Reading english - 1grams ...


In [21]:
media = pd.read_csv('media_sample.csv', index_col=0)
media = media[['id','content','created_datetime']]
media = media.dropna()
media = media.rename({'content':'text'}, axis = 1)

In [4]:
#Detect language to filter English-only documents
l = []
for i in media.text:
    try:
        k = detect(i)
        l.append(k)
    except:
        l.append('en')
media['lang'] = l
media = media[media.lang == 'en']

## Part 1: Text preprocessing


In [5]:
text_processor = TextPreProcessor(
    normalize=['url', 'email', 'percent', 'money', 'phone', 'time', 'date', 'number'],
    fix_html=True,  
    segmenter="twitter", 
    corrector="twitter", 
    unpack_hashtags=True,  
    unpack_contractions=True, 
    spell_correct_elong=True,
    tokenizer=SocialTokenizer(lowercase=True).tokenize,
    dicts=[emoticons]
)

  self.tok = re.compile(r"({})".format("|".join(pipeline)))

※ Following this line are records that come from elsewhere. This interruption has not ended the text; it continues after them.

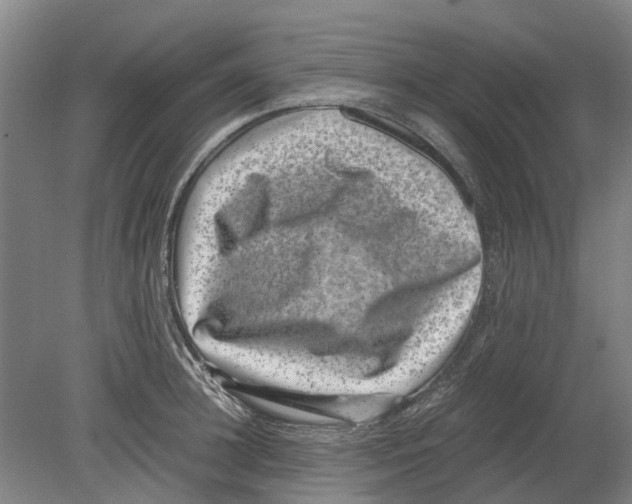 X0000080190948200701051719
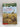 Lions at Lunchtime (Magic Tree House #11) by Mary Pope Osborne, Sal Murdocca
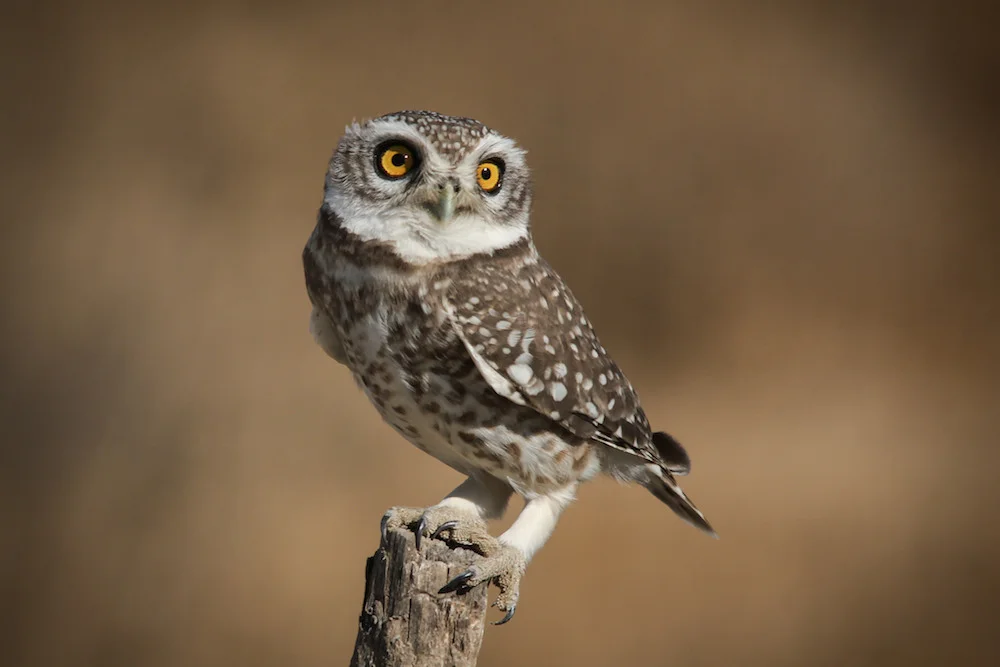 It is a common practice to sacrifice owls during Diwali, threatening their population across the country. Flickr CC/ Peter Steward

Reading twitter - 1grams ...
Reading twitter - 2grams ...
Reading twitter - 1grams ...


  regexes = {k.lower(): re.compile(self.expressions[k]) for k, v in


In [6]:
stopwords = nltk.corpus.stopwords.words('english')
rooter = nltk.stem.WordNetLemmatizer().lemmatize
punctuation = '!"$%&\'()*+,-./:;=?[\\]^_`{|}~•'

def get_word_and_tag(tokens):
    tagged = pos_tag(tokens)
    cleaned_tags = []
    for word, tag in tagged:
        if tag.startswith("NN"):
            pos = 'n'
        elif tag.startswith('VB'):
            pos = 'v'
        else:
            pos = 'a'
        cleaned_tags.append((word,pos))
    return cleaned_tags

def clean_tweet(tweet):
    tweet = tweet.lower() # lower case
    tweet = emoji.demojize(tweet) #emojis to text
    tweet = re.sub('['+punctuation + ']+', ' ', tweet) # remove punctuation
    tokens = [word for word in tweet.split(' ') if word not in stopwords] # remove stopwords
    tokens = [word for word in tokens if len(word)>0] #remove double spaces
    
    tokens = [rooter(word,tag) for word,tag in get_word_and_tag(tokens)] # apply word rooter with POS tagging
    tweet = ' '.join(tokens)
    return tweet

In [10]:
media['corrected_text'] = [" ".join(text_processor.pre_process_doc(s)) for s in media.text]
media['corrected_text'] = media['corrected_text'].apply(clean_tweet)

In [11]:
#Create time-series DataFrame
media['datetime'] = pd.to_datetime(media['created_datetime'])
media_ts = media.set_index('datetime', drop = False)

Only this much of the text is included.